Checking the assumption that folklorists had mummified their study of traditions, I found data that suggested that American folklorists by and large in their embrace of performance and vernacularism have since the 1980s actually drifted away from transactional criteria of tradition (Bronner 2019b; Bronner 2022). I have used those approaches myself but I have come to the realization that they detrimentally eschew social and psychological guidelines and on the basis of superficial evidence impose a class-based aesthetic judgment on the kinds of expressions considered “folk” or traditional (Abrahams 1993; Bronner 2012; Bronner 2022; Dundes 2005; Mechling 2006; Morris 1995).

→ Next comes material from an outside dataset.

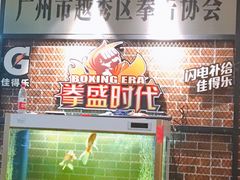 -拳盛时代拳击俱乐部(北京路店)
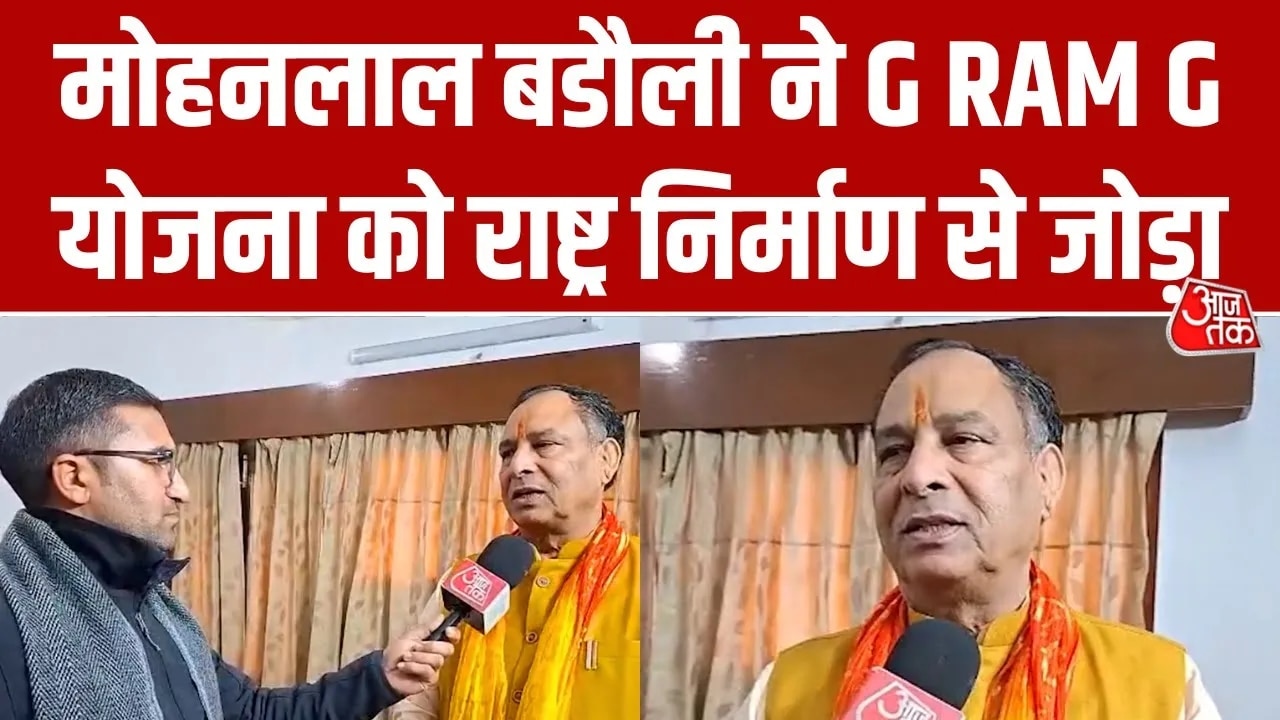 Haryana BJP chief Mohan Lal Badoli responds on major MGNREGA changes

Although Gencarella is not willing to critique “Mistaken Dichotomies,” I am. Besides the false dichotomy Kirshenblatt-Gimblett presents of “pure” and “applied” folklore, the essay validates the undermining of folkloristic expertise that Gencarella bemoans. My larger concern is that the folding of folklore into a preservationist concept of heritage in the way she proposes opens the door to any claim to the material (see Ben-Amos 2019). No policing of boundaries is necessary because in essence folklore no longer exists, at least as a social reality. If it does, it is objectified, and I fear commodified, as a relict artifact of the past or esoteric knowledge that can only be known by insiders. It is rendered incomprehensible by learned individuals and can only be interpreted as a staged or mediated performance of identity. Another consequence is that no need exists for academic programs if the knowledge is not one that can be gained intellectually, subject to scholarly standards, and analyzed in aggregate. Breaking with nationalistic and regionalistic rubrics that in her historiography had been part of the history of folklore studies leaves a gap for dabblers and dilettantes to fill once again. With the acceleration in twenty-first century America of “fast capitalism” fueled by digital media, the effect is that the conspicuous authorities are those who are not academically credentialled and further, explore macro-level folkloric commodities for mass consumption (in contrast to microfunctionally oriented academic folklorists) (see Bronner 2019a; Cross 2017). Is that not what Gencarella draws out as the current problem?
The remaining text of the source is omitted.